======== PROVIDED DATA

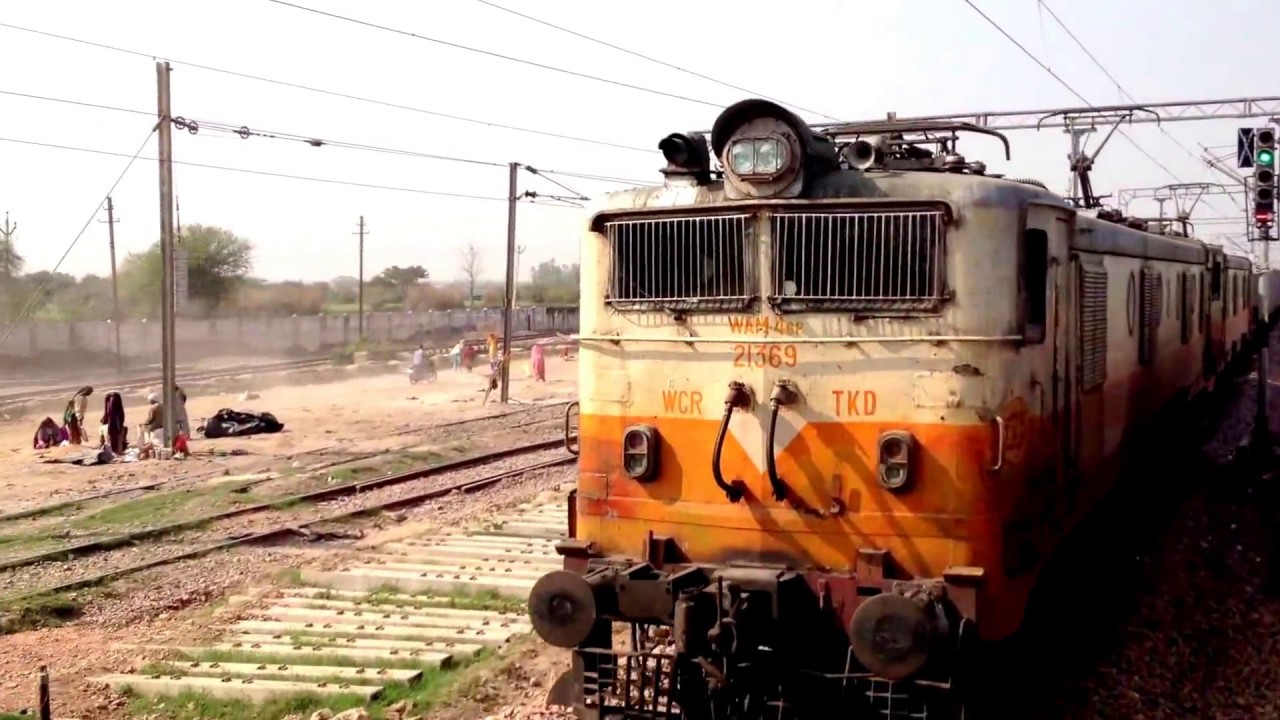 INDIAN RAILWAYS (1-clip) 5 clips of WDP4B 40072 locomotive across rural stations in North India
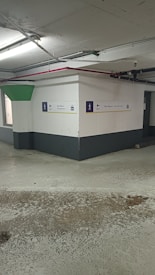 A concrete parking garage corner with visible structural elements, featuring directional exit signs on the walls. The environment appears slightly worn with visible moisture on the ground and overhead lighting. Pipes and conduits are attached to the ceiling.
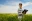 Woman standing in a green field holding a tablet under a bright sky.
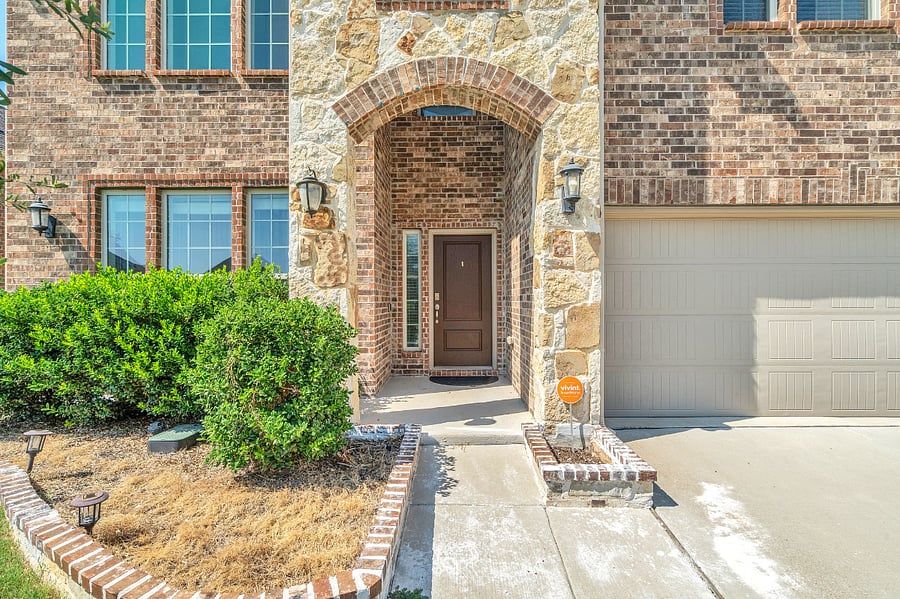 Welcoming stone and brick entry with covered porch. Equipped with a Vivint whole-house security system, including guest access for peace of mind during your stay.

================

WHAT YOU WILL DO. With the pictures left out, output exactly the lines from the one with "Woman standing in" through the end of the listing above, both ends included.

EXERCISE OUTPUT.
 Woman standing in a green field holding a tablet under a bright sky.
 Welcoming stone and brick entry with covered porch. Equipped with a Vivint whole-house security system, including guest access for peace of mind during your stay.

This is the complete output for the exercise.